■ Data to use ■
········

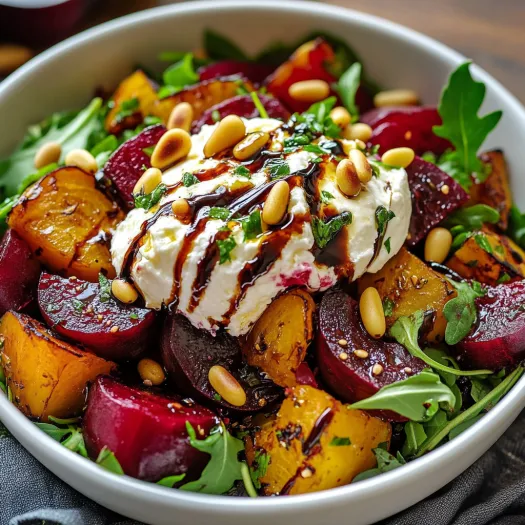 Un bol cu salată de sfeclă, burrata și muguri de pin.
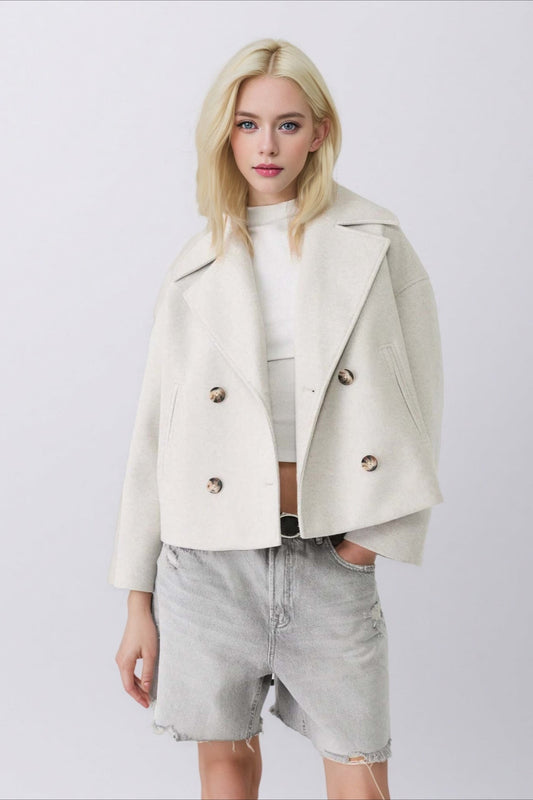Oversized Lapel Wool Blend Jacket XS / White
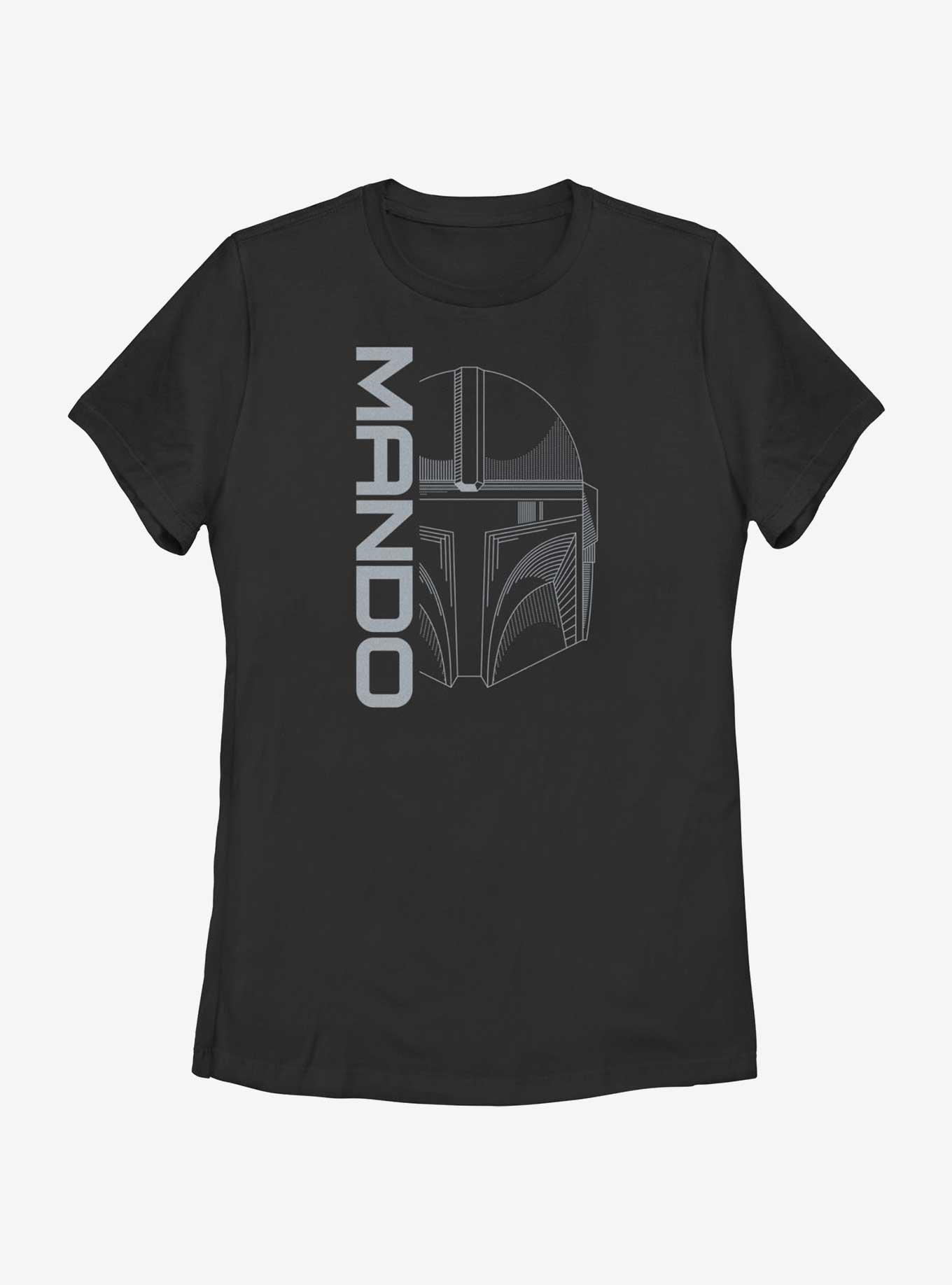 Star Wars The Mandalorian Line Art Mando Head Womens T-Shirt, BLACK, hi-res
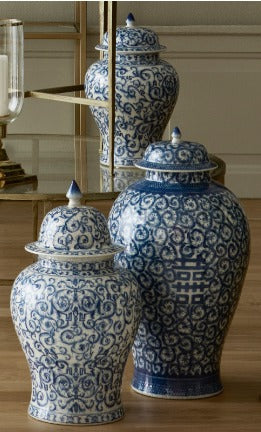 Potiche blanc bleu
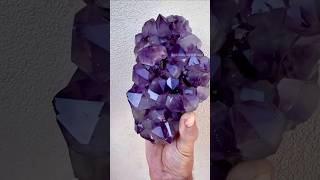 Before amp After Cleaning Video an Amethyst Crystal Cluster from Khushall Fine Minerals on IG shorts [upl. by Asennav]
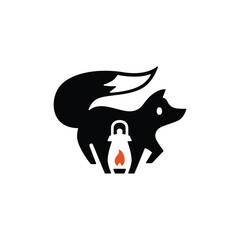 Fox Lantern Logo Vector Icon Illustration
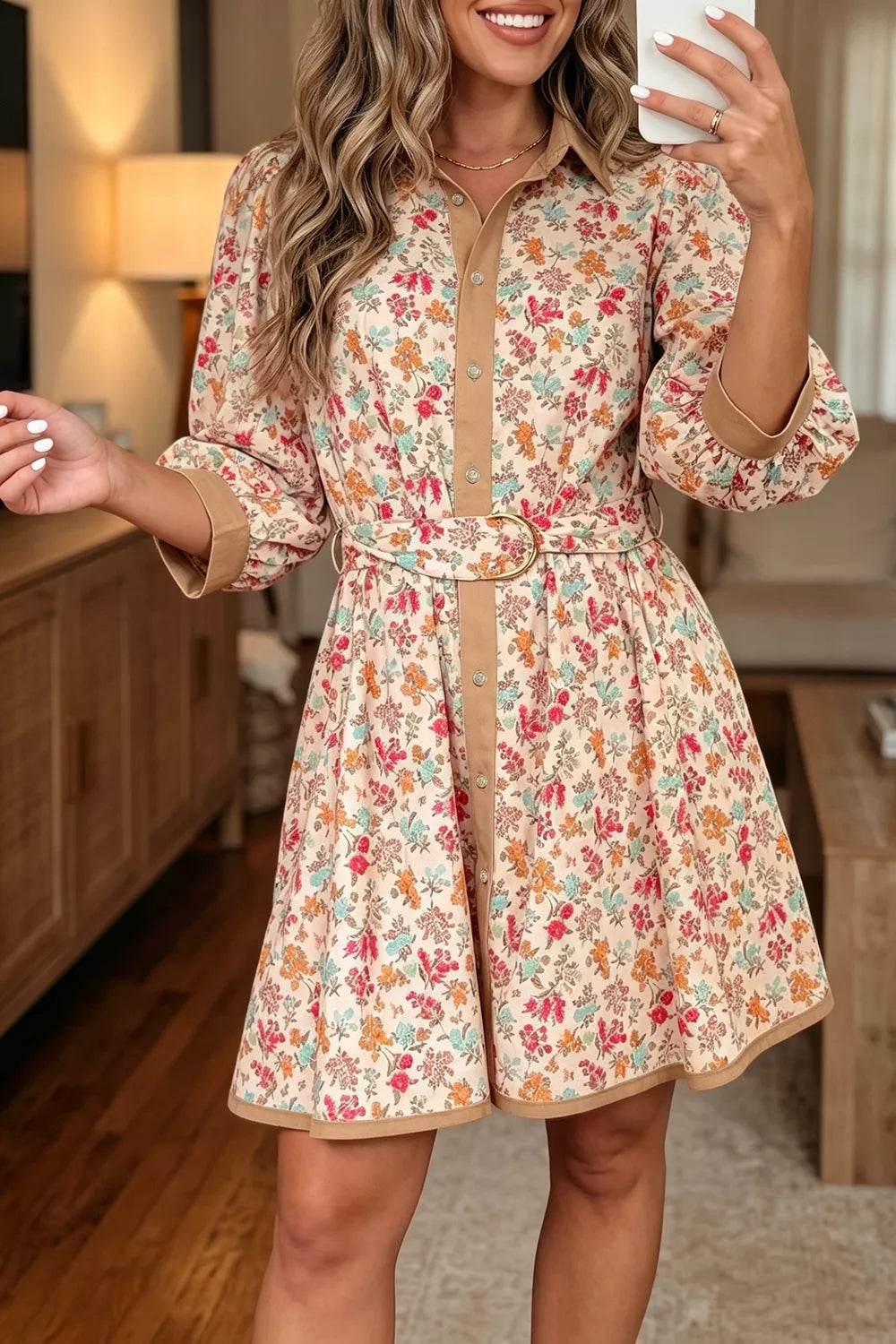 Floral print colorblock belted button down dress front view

········

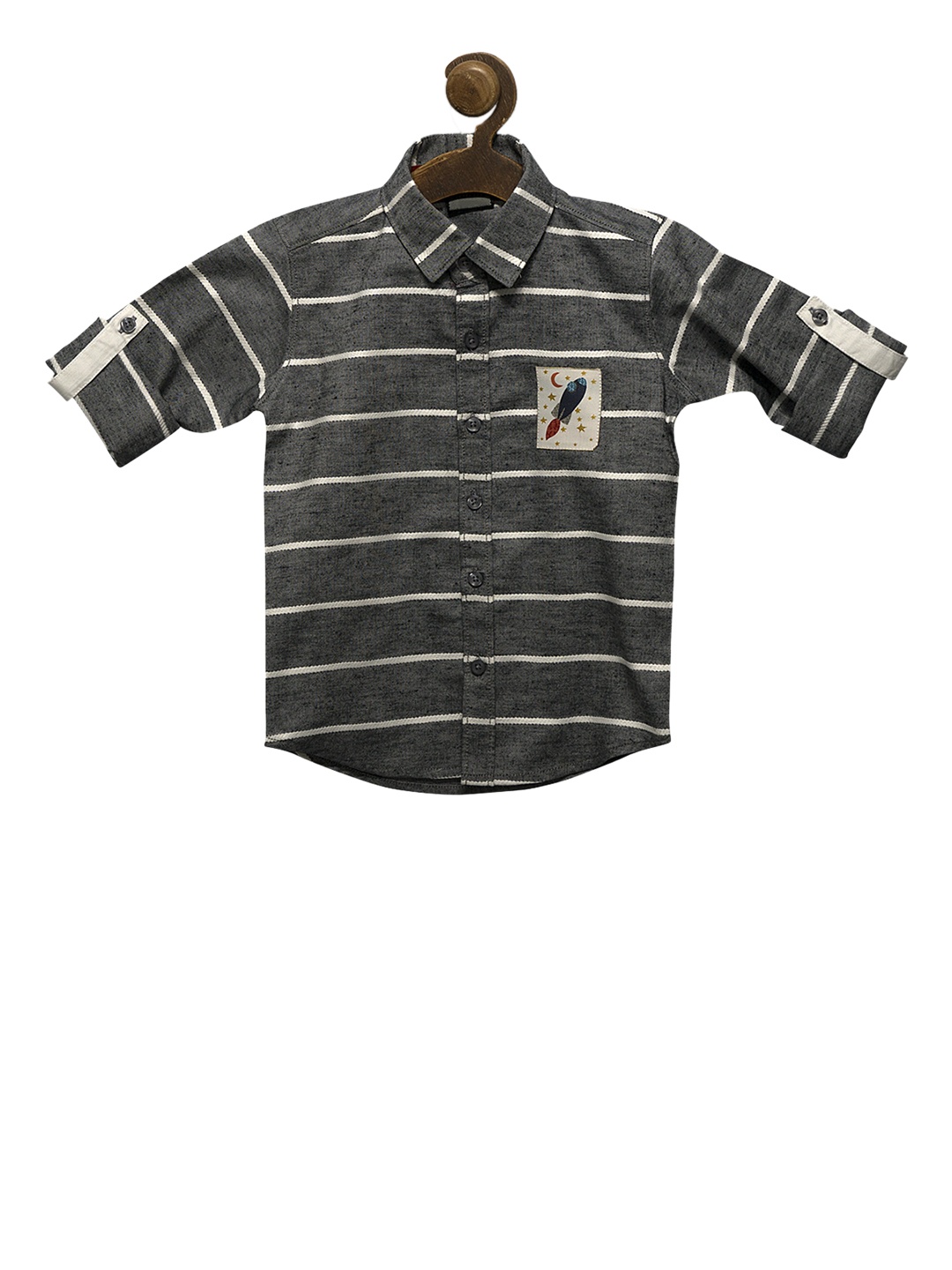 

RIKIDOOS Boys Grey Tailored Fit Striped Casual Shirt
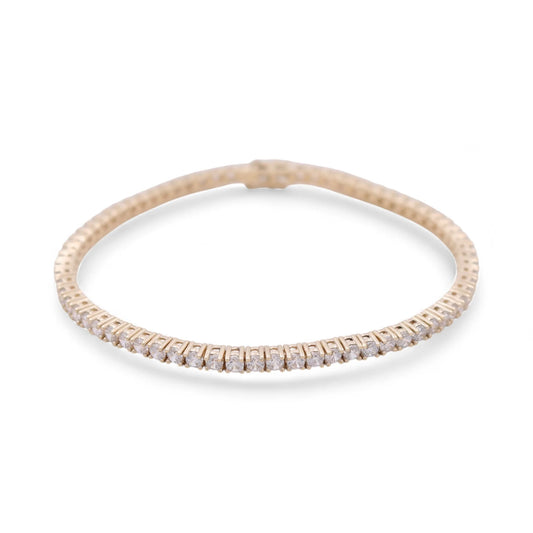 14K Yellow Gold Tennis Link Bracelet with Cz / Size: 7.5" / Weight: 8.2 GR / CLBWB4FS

········

■ What needs to be done ■
Print exactly the lines above that run from the one with "Oversized Lapel Wool Blend Jacket XS / White" down to the one with "Floral print colorblock", and omit the pictures.

■ Answer to the problem ■
Oversized Lapel Wool Blend Jacket XS / White
 Star Wars The Mandalorian Line Art Mando Head Womens T-Shirt, BLACK, hi-res
 Potiche blanc bleu
 Before amp After Cleaning Video an Amethyst Crystal Cluster from Khushall Fine Minerals on IG shorts [upl. by Asennav]
 Fox Lantern Logo Vector Icon Illustration
 Floral print colorblock belted button down dress front view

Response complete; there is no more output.